Moonray - I don't believe that being available first necessarily gets a technology adopted. I'm not "against" DIVX, but I believe it will fail (at least as-is) because all the support for it is coming from the supply side, not the demand side. It takes years to become an accepted technology "standard" and there will simply be much better options available in the 3-5 years it would take to sell enough DIVX players to have any real clout, regardless of how many content vendors are lines up behind the scheme. Unless they are going to shut down the purveyors of VHS tape, the content vendors are at the mercy of customers deciding they want this technology enough to pay $500 for a player.
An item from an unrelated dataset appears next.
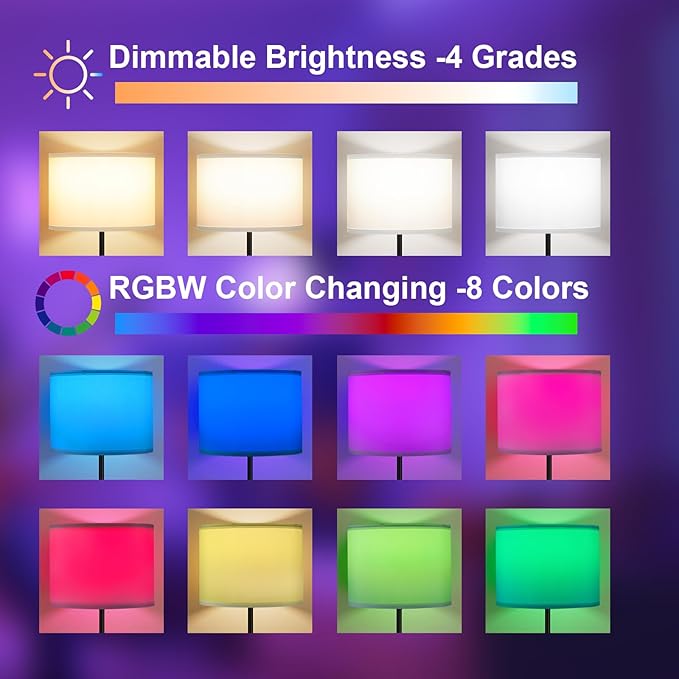 Ambimall Floor Lamp for Living Room with Smart Light Bulb, RGB + Stepless Dimmable Colors Temperature & Brightness(White Shade & Black Pole)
DVD will become (already is) a "standard", simply because it provides a video & audio format that everyone agrees upon, at least for non-streaming. Thus you could download a "DVD" movie to your hard drive, to blank DVD media, etc, the media doesn't matter, but the data format does. So if you happen to record to DVD media (or buy/rent pre-recorded media), it will work in a cheap, dumb player, but meanwhile there can be implementations ranging from "download to your notebook PC's hard drive for playback in your hotel room" all the way up to "streaming-ized" data transmission used in 2-way videoconferencing. Which may not be the most efficient way to do streaming, but once enough decoder hardware is in place, why bother trying to replace it?

You don't need to count frames per second to know how much data it is. A DVD disc holds what, 5GB of movie data? I calculate that you would only need a bandwidth of 11.4Mb/s to transmit a full disc in 2 hours. Cable modems are promising 10Mb/s already (but delivering more like 1.5-2Mb/s, mine anyway), so we are about there already as soon as the current crop of cable modems gets rolled out to a wide audience and whatever is in the way of theoretical performance gets fixed.

The cable companies might have to cache the full selection at whatever their equivalent of the "Central Office" is to boost performance, which effectively puts them in the position of "retailing" the data. This pits them directly against DSS/retail rental, which they are already anyway, so why shouldn't they push for this model as a competitor to DIVX? Eventually, they have to win, because the greater efficiency compared to the old physical distibution model gives them the ability to squeeze their opponents' margins to less than zero.

If you want to see how this will play out, watch music audio, because the smaller data set will allow it to pioneer the business model(s) years ahead of video. Check out www.musicblvd.com, you can already order CD's over the Web, or download them to recordable CD media for a fraction of the price. Or www.audioactive.com, where you can listen to any of a dozen real-antenna radio stations simulcasting over the Web (for free).